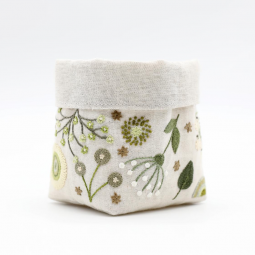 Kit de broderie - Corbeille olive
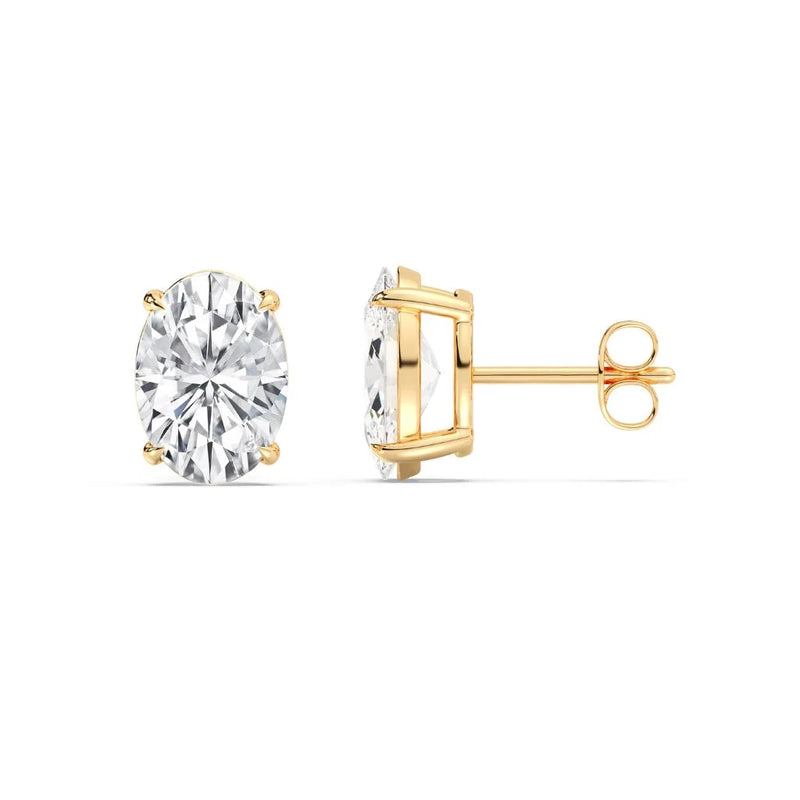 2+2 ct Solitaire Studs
--
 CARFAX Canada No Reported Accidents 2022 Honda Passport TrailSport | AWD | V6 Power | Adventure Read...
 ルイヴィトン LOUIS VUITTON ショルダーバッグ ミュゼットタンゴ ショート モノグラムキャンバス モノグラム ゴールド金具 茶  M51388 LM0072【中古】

Work to complete: Copy exactly the lines of the listing above between the one holding "Kit de broderie - Corbeille olive" and the one holding "2+2 ct Solitaire Studs", inclusive; omit all pictures.

Solution for this exercise:
 Kit de broderie - Corbeille olive
 2+2 ct Solitaire Studs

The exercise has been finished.